# [What to do]
Write out the data below in full. Keep it exact.

# [Scraped caption text data]

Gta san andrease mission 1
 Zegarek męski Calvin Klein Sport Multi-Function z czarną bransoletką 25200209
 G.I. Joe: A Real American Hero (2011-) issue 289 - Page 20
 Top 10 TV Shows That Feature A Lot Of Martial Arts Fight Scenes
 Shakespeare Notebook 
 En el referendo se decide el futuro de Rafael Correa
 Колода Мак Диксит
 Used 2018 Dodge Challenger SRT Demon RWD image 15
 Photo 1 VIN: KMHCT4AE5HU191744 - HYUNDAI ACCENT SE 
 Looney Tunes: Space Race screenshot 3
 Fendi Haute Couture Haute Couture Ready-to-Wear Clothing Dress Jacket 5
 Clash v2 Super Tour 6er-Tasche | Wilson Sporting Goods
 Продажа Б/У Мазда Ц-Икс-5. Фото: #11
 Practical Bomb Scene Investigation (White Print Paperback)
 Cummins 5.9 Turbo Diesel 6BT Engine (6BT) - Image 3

# [Answer for this exercise]
Gta san andrease mission 1
 Zegarek męski Calvin Klein Sport Multi-Function z czarną bransoletką 25200209
 G.I. Joe: A Real American Hero (2011-) issue 289 - Page 20
 Top 10 TV Shows That Feature A Lot Of Martial Arts Fight Scenes
 Shakespeare Notebook 
 En el referendo se decide el futuro de Rafael Correa
 Колода Мак Диксит
 Used 2018 Dodge Challenger SRT Demon RWD image 15
 Photo 1 VIN: KMHCT4AE5HU191744 - HYUNDAI ACCENT SE 
 Looney Tunes: Space Race screenshot 3
 Fendi Haute Couture Haute Couture Ready-to-Wear Clothing Dress Jacket 5
 Clash v2 Super Tour 6er-Tasche | Wilson Sporting Goods
 Продажа Б/У Мазда Ц-Икс-5. Фото: #11
 Practical Bomb Scene Investigation (White Print Paperback)
 Cummins 5.9 Turbo Diesel 6BT Engine (6BT) - Image 3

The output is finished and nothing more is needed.